12 Comments
User's avatar
ToxSec's avatar

super interesting read. feels like i’ll have to go over it a few times. but the open questions are great. looks like there is still a lot of potential here.

Arshavir Blackwell, PhD's avatar

Yes, in all honesty it is an awfully dense document.

John Holman's avatar

Thanks for taking the time brother, there is some really interesting stuff happening inside these models and we have only scratched the surface of understanding it.

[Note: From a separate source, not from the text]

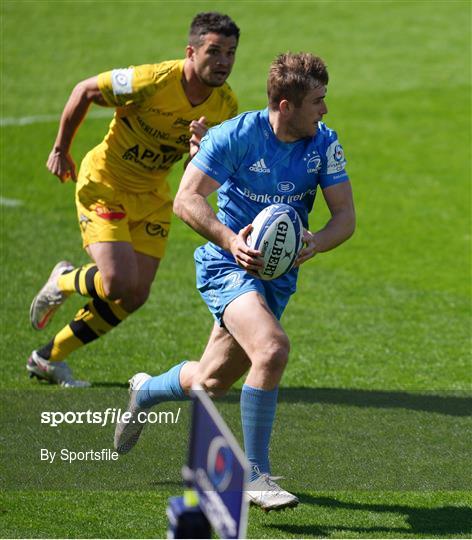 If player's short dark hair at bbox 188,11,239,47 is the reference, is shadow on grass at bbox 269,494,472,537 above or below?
below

Michael Jovanovich's avatar

Representation with our function was the part that really catches my attention.

I agree it feels extremely unlikely to be there for no reason. But also you found it didn’t contribute to the end response despite firing

My absolute , off the top of my head wild speculation would be to look into it has some sort of anti detection. Like the model confirming it’s not “XYZ that could be confused”

You’d think the absence of that would hurt the response but it might only on very ambiguous tokens.

It might be worth checking if it influenced the probability mass of the non predicted , top tokens. The runners up. It might be pushing the wrong tokens down but not visible in the actual end selection that happens either way because it’s sufficiently in the lead

Maybe simpler to say, it could irrelevant on argmax in your testing set, but meaningful in soft max distribution

Arshavir Blackwell, PhD's avatar

Yes, that’s absolutely right—-it didn’t have an impact on those areas that we looked. You can never prove a negative, since there could be something else going on ins one part of the system that you’ve missed. But I suspect gradient descent shares properties with natural selection: an imperfect solution that has all sorts of weird byways and dead ends embedded in it.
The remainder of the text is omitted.